Monday : 01:34:57

logo JPMI bali

Perang Dagang AS atas China, Dan Dampanya Terhadap Perekonomian Indonesia

Redaktur | March 26, 2018 | BERITA JPMI

Setelah selama 10 tahun terakhir China leluasa buat segala cara menekan, memaksa, mencuri hak intelektual & teknologi di seluruh dunia untuk kepentingan ekspansi pasar China , sekarang ini AS melakukan tindakan tegas menyerang balik China. Trump sudah tandatangan memorandum untuk serang China,Segala bujuk rayu China ditepis Trump yang sudah bertekad mengobarkan perang dagang kepada China yang berdasarkan hasil investigasi AS telah terbukti berbuat curang dan melanggar semua aturan perdagangan internasional.

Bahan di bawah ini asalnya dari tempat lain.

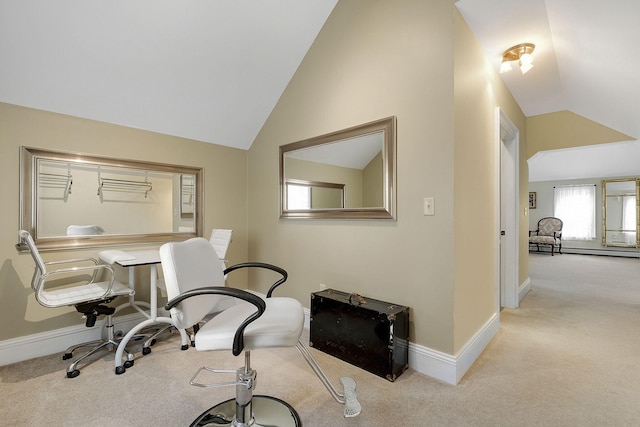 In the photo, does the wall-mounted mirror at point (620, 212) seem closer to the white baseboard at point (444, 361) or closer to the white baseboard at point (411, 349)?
the white baseboard at point (411, 349)

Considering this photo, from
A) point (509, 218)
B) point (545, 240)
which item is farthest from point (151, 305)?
point (545, 240)

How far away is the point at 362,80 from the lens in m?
2.42

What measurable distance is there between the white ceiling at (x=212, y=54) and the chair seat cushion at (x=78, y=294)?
4.67 ft

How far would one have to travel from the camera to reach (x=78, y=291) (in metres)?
2.19

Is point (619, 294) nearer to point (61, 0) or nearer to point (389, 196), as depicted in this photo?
point (389, 196)

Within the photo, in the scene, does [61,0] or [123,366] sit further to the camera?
[123,366]

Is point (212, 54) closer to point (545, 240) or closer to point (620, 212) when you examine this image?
point (545, 240)

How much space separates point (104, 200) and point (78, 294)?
0.88 meters

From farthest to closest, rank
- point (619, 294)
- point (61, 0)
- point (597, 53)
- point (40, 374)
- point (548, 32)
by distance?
point (619, 294) → point (597, 53) → point (548, 32) → point (40, 374) → point (61, 0)

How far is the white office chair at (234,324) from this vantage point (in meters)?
1.29

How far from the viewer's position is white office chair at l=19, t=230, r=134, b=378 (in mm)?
1939

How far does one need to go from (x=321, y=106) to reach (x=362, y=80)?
48cm

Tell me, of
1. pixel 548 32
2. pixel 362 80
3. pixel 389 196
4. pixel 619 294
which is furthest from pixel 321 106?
pixel 619 294

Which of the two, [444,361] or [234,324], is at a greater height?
[234,324] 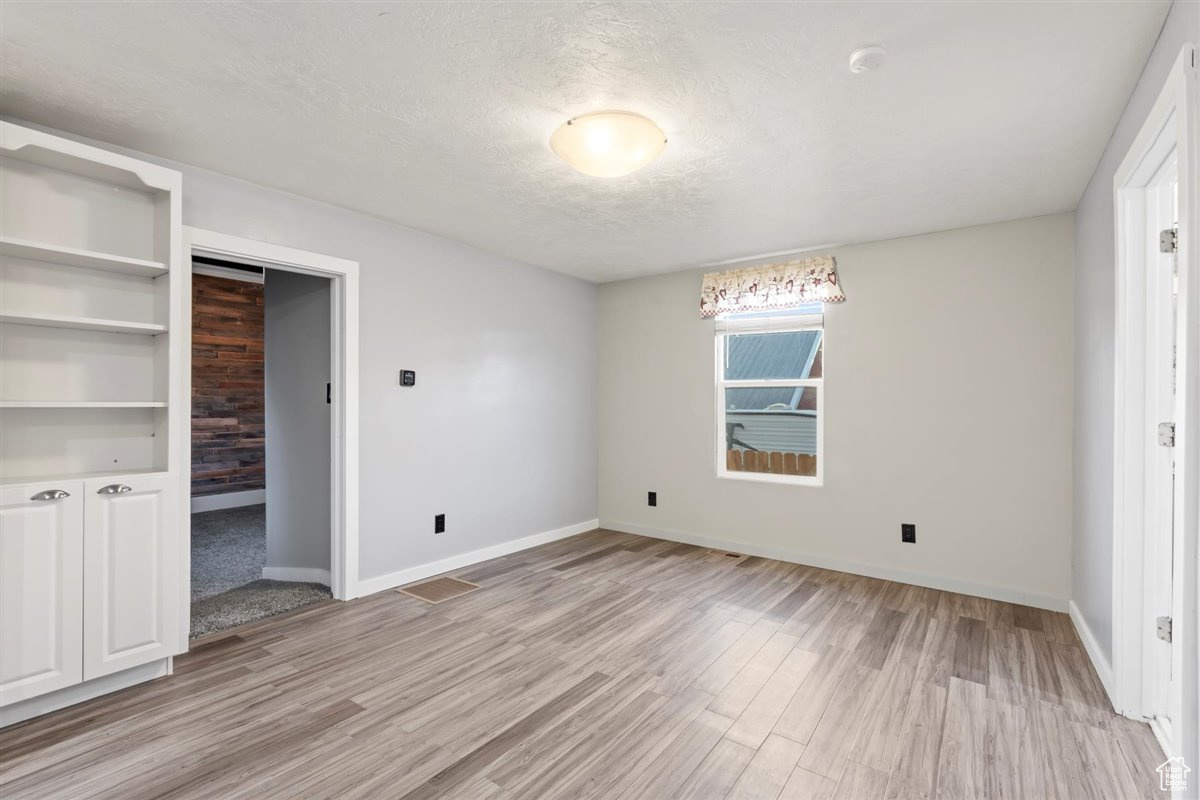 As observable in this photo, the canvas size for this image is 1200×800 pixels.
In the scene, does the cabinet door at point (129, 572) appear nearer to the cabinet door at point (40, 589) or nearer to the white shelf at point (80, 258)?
the cabinet door at point (40, 589)

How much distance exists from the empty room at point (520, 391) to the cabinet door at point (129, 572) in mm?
16

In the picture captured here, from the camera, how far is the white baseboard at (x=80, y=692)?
7.09 feet

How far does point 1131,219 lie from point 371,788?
341cm

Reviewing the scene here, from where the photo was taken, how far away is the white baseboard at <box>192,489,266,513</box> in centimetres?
623

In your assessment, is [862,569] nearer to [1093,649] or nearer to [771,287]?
[1093,649]

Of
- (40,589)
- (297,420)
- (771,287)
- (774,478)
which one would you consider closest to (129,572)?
(40,589)

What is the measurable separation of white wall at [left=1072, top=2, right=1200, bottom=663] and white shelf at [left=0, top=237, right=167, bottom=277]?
3869 millimetres

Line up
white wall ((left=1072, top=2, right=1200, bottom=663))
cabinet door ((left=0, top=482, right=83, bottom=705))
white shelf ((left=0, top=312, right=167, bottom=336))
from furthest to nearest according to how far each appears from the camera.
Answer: white wall ((left=1072, top=2, right=1200, bottom=663)), white shelf ((left=0, top=312, right=167, bottom=336)), cabinet door ((left=0, top=482, right=83, bottom=705))

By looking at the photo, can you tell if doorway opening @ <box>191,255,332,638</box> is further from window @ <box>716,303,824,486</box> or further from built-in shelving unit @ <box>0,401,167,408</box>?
window @ <box>716,303,824,486</box>

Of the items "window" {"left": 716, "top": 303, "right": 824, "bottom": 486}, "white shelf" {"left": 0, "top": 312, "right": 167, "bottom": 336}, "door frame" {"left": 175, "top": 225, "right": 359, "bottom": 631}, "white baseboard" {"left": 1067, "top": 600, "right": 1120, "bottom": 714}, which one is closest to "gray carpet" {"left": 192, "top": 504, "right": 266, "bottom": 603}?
"door frame" {"left": 175, "top": 225, "right": 359, "bottom": 631}

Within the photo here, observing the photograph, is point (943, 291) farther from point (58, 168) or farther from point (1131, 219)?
point (58, 168)

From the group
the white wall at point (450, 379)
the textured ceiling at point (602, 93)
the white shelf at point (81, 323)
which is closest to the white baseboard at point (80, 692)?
the white wall at point (450, 379)

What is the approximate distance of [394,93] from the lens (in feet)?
6.92

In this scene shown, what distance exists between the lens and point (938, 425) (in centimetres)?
373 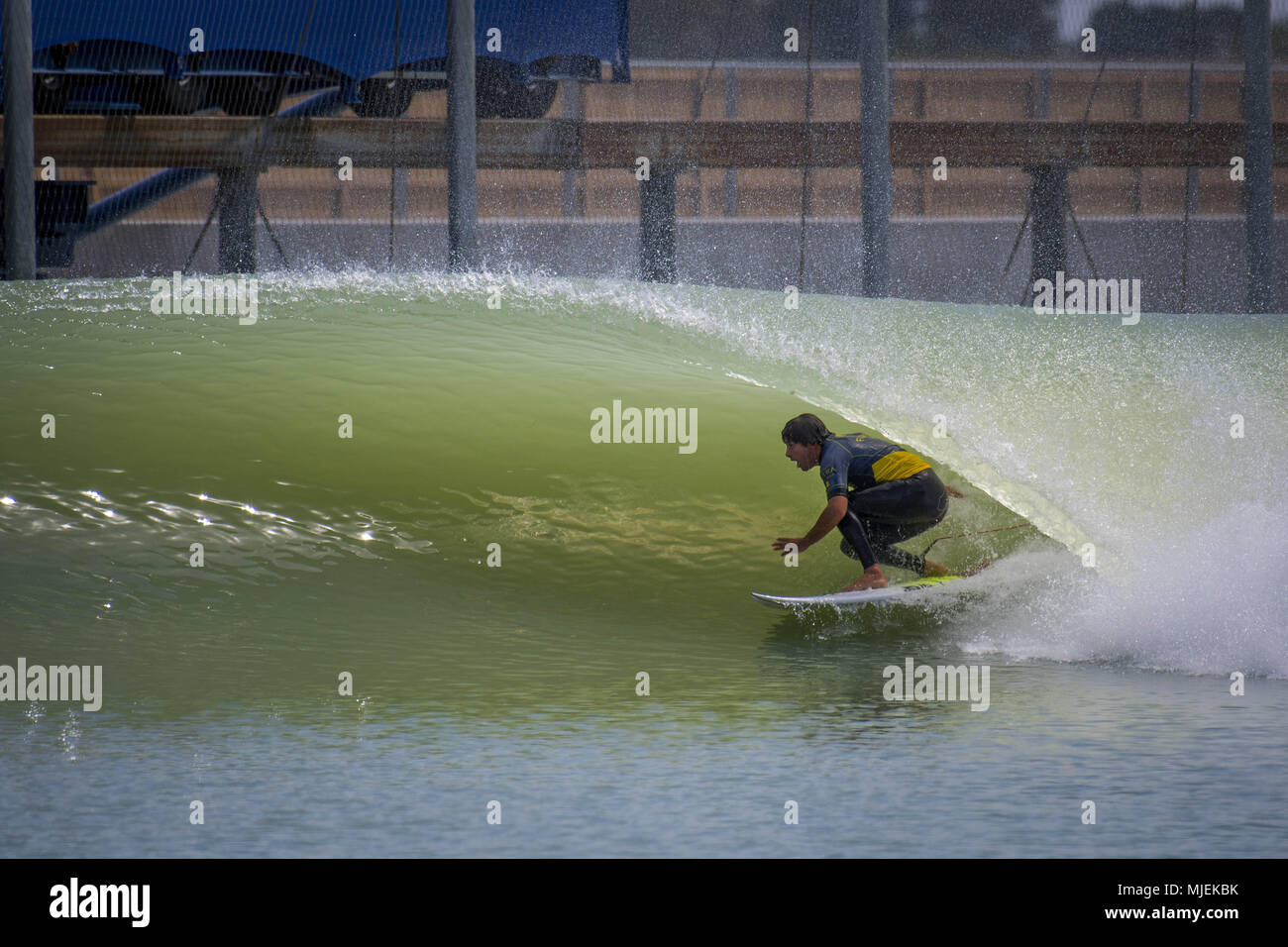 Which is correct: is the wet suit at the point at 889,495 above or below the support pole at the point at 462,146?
below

Perang antara dua raksasa ekonomi dunia ini pasti berdampak luas, Trump bertekad menekan defisit neraca perdagangan USD 375 miliar dengan China. Meski China sejak Trump berkuasa telah meningkatkan impor dari AS secara drastis, Trump tetap ambil langkah tegas menindak China, Trump tahu persis karakter curang China, Trump punya perusahaan di China.

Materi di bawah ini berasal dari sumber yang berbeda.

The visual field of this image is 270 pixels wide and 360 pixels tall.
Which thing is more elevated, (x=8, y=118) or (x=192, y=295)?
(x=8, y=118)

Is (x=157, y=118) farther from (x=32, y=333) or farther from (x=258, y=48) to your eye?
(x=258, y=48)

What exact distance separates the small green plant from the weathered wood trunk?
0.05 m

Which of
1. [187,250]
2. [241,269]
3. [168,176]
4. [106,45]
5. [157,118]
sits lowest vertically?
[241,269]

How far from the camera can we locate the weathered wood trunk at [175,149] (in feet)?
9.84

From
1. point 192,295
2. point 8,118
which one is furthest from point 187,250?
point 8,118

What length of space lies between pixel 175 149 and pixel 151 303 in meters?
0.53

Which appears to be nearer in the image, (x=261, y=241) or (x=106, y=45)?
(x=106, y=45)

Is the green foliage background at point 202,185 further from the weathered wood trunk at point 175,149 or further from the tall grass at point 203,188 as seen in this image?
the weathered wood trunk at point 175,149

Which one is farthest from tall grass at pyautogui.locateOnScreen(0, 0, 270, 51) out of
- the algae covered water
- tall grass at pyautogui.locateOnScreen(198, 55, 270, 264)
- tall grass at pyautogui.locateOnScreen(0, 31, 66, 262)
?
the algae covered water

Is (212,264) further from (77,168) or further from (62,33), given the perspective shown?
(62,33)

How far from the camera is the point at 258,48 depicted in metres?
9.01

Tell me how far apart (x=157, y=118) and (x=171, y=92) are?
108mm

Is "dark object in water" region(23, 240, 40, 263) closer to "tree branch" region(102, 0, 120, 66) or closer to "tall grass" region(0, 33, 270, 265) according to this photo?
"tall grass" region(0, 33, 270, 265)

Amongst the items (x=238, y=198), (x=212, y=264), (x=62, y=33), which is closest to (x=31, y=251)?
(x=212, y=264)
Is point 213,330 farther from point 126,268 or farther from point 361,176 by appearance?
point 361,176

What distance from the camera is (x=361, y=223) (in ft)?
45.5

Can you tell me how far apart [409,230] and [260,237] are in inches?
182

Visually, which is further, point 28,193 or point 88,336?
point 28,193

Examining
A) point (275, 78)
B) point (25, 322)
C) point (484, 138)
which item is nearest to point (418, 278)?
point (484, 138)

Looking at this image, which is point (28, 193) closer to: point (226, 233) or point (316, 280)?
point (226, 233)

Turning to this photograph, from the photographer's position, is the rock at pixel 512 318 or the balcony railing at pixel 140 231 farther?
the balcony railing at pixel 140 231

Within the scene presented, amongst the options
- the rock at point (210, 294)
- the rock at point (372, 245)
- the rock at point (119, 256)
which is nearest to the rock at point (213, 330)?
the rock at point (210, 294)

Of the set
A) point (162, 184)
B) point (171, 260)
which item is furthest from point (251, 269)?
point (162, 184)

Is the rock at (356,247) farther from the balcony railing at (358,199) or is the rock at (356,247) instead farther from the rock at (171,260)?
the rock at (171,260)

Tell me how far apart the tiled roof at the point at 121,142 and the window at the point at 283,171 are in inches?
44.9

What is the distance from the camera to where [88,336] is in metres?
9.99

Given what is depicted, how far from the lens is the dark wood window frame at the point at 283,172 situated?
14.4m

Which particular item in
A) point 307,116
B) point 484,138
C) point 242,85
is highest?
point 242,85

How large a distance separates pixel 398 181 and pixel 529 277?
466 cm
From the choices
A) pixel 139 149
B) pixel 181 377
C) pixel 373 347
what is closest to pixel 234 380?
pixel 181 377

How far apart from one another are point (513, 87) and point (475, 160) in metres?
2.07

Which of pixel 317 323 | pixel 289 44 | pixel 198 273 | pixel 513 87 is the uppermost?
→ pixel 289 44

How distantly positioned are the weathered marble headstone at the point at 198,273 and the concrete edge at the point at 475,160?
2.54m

Trump: “Selama hidup saya berurusan bisnis dengan China, tidak pernah ditemukan ‘fairness’ dari mereka”.

Trump bukan Clinton atau Obama yang bersedia jadi budak China, menjerumuskan AS dan dunia dalam penguasaan hegemoni ekonomi China yang penuh kecurangan dan kejahatan Praktik curang China telah memporakporandakan ekonomi AS, menghancurkan lapangan kerja di AS, merampas kesejahteraan rakyat dan negara AS.

 

Kelemahan AS mengantar China menjadi negara kaya makmur sejahtera, China berjanji akan ajukan proposal baru untuk memuaskan Trump. Ancaman terjadinya perang dagang AS – China telah melemahkan dolar AS. Pelemahan dolar AS disambut baik oleh Trump karena akan mendukung upayanya meningkatkan daya saing produk AS. Sebaliknya, China kalang kabut dan berharap Uni Eropa tdk mengikuti jejak Trump. Tindakan tegas Trump melancarkan Perang Dagang dengan China akan diperluas dengan sanksi tindakan tegas pada negara2 yang menjadi sekutu China dalam kecurangan dan kejahatan dagang, termasuk Indonesia.

 

Indonesia jadi salah satu negara yang masuk dalam perhatian khusus AS karena telah terbukti menjadi kolaborator kejahatan dagang China. Jepang, Korsel dan Taiwan yang sekutu utama AS telah melaporkan kecurangan China di Indonesia di mana pemerintah RI mengakomodir kejahatan itu. Setelah sanksi ekonomi AS dijatuhkan kepada China, Indonesia dan negara2 kolaborator China juga dipertimbangkan dikenakan sanksi ekonomi/dagang oleh AS. Ekonomi RI yang sudah terpuruk terancam terbenam dalam resesi ekonomi. Arab Saudi, Korsel, Taiwan dan Jepang siap mendukung langkah Trump mengobarkan perang dagang kepada China.4 negara ini telah menjamin Perang Dagang AS kepada China tdk akan berdampak buruk bagi ekonomi AS dalam jangka pendek atau jangka panjang.

 

 Sementara itu, Indonesia makin terpuruk. Selama 3 bulan terakhir neraca perdagangan RI mencatat defisit. Impor lebih besar dari ekspor. Rupiah pun melemah. Devisa negara terkuras, RI gunakan segala cara untuk raih komitmen utang dari IMF & Bank Dunia, RI diambang krisis ekonomi, Mayoritas Rakyat tidak tahu fakta ini, Tenggelam dan teralihkan hiruk pikuk isu politik dan korupsi ,Bahaya krisis ekonomi di depan mata, Neraca Perdagangan RI Defisit 3 Bulan Berturut-turut, Negara terancam kolaps di era sekarang ini ,Elit partai masih belum sadar juga.